Quiz Question: Does water flow in or out of drain pipes?
My last few posts have been mostly about what I have done—I went here, I hiked there, I did that and so on. I think it would cool if I write a little about the crazy, random, and often humorous things that happen too.
First let’s start with the food, since I feel as though my days revolve around mealtimes here. I am fed so much by my family here, and despite the fact that they stuff me for every meal I find that I am hungry for the next when it rolls around. We students have often joked about the Tico quince, a variation of the freshman fifteen. And it just might happen.
Common foods here are gallo pinto (rice and black beans), lots of fruit and fruit juices, cheese (we IFSA-Butler students like to call it “squeaky cheese” because of the sound it makes between your teeth when you eat it), yucca (a root similar to a potato but denser) and other potato-like vegetables, bread, bananas and plantains (another type of banana) and coffee. (Apparently there are laws in Costa Rica about the caffeine content though, so the coffee here doesn’t quite have the same desired effect as the coffee in the States.)
Next let’s talk about the weather. Boring, I know, but it has a way of permeating everything. Literally. Water is water; good ol’ H2O. But I really think the chemical make-up of this very common substance is different here. I think it is wetter. I’m from a pretty wet State originally—Oregon—so I am used to rain and can usually get by with just a good water-proof coat. But here, umbrellas are a necessity and coats are often too warm to wear. I’m a very anti-umbrella person, but I eventually caved. My coat may be waterproof, but my backpack isn’t, and neither are my textbooks. Oops!
Apparently this year Costa Rica has had much more rain than usual. This has caused several floods and mudslides in almost every region of the country and several roads and highways have been washed out too, making travel difficult. Recently conditions have been so severe that Costa Rica has declared itself to be in a current state of emergency. So while I sometimes joke about the rain, it is important to know that conditions are very serious right now and many people have lost their homes and sadly some have lost their lives. We are still in the wet season, but moving into the dry season, so hopefully we have seen the worst for this year.
Thunderstorms occur quite often, especially during the wet season. And it rains quite heavily. But the drain pipes here don’t appear to handle the copious amounts of water too well. I didn’t read the instruction manual on drain pipes, their use, and function, but I am pretty sure water is supposed to flow into them. However, most here in Costa Rica do not follow what I thought was a basic principle. Water flows out of the drains, not into the drains. One completely sunny morning I forded a near-river of water that was flowing out of a drain and into the street.
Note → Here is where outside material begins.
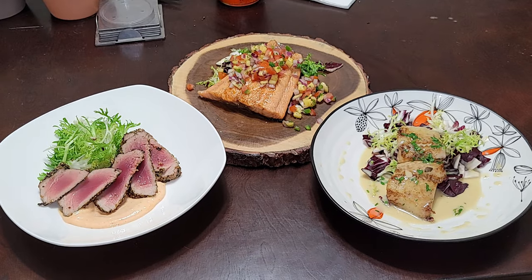There you have it — three different ways to cook fish. We did salmon with a pineapple salsa, ahi tuna furikake pan-seared, and turbot basted in butter with a citrus beurre blanc to go over top. For the turbot: a little radicchio, frisée, then we cover the fish in our beurre blanc and sprinkle a little parsley on top.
I was told that if you are lost, try not to look like you’re lost. Great advice, but I don’t think it is physically possible, especially for gringos. And if you have walked down the same block three times, no matter how good your “I’m not lost” face is, you’re going to look lost to those standing in the shops on the street. And yes, I am speaking from personal experience and I have received some very humorous stares at times.
Showering is absolutely necessary; the climate here requires a shower at least once a day, sometimes twice a day. However, I can’t help thinking sometimes that it is completely pointless. By the time I have walked to the university in the morning I have streaks of sweat running down my face just due to the heat and humidity. Feeling sticky all day isn’t the most fun thing in the world.
Crossing the street is always an adventure. It takes a lot of skill, agility, and accurate timing. There can be no hesitation and you have to be quick, because pedestrians do not have the right-away here. We students joke that if you get hit by a car, you win. What you win is still yet to be determined—crutches most likely. And if you get hit by a bike, you get bonus points.
You also win if you get Dengue. That is a crowning achievement. For some reason, this very serious disease has become a joke among us IFSA-Butler students. If someone shows up to school feeling just the slight bit sick we automatically attribute it to Dengue and tease the individual about how miserable he/she is going to feel over the next few weeks. Luckily, no one has won that game yet either.
There are numerous other oddities here. These are the most common. I hope one or two of them made you giggle.